*PROVIDED MATERIAL*.
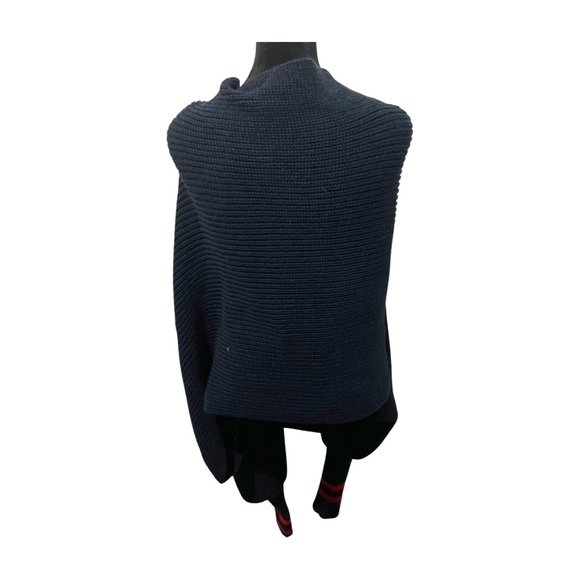 Free People blue knit shawl/sweater One Size - Picture 2 of 3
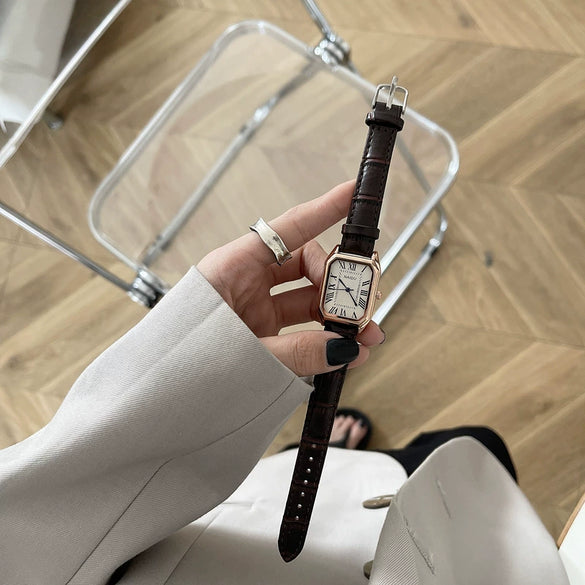 Women's Metal Rectangular Retro Roman Dial Quartz Watch Simple Elegant Leisure Style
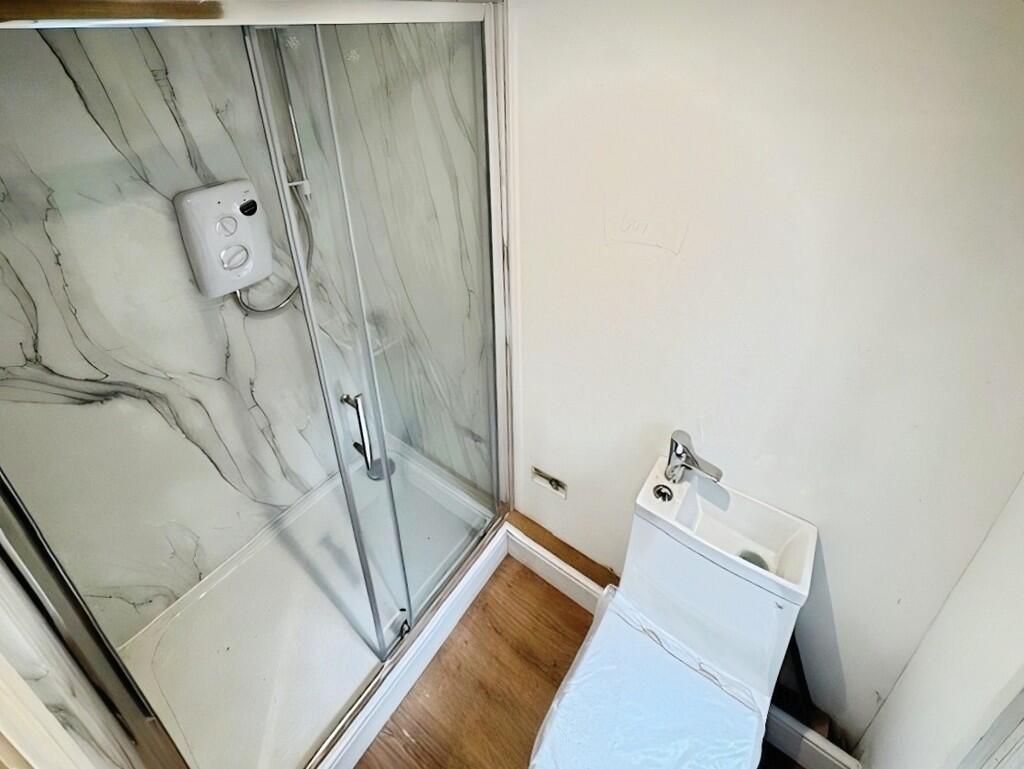 Outhouse Shower R...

*WHAT YOU NEED TO DO*.
All the lines above are to be reproduced exactly, except the pictures.

*ANSWER TO THIS EXERCISE*.
 Free People blue knit shawl/sweater One Size - Picture 2 of 3
 Women's Metal Rectangular Retro Roman Dial Quartz Watch Simple Elegant Leisure Style
 Outhouse Shower R...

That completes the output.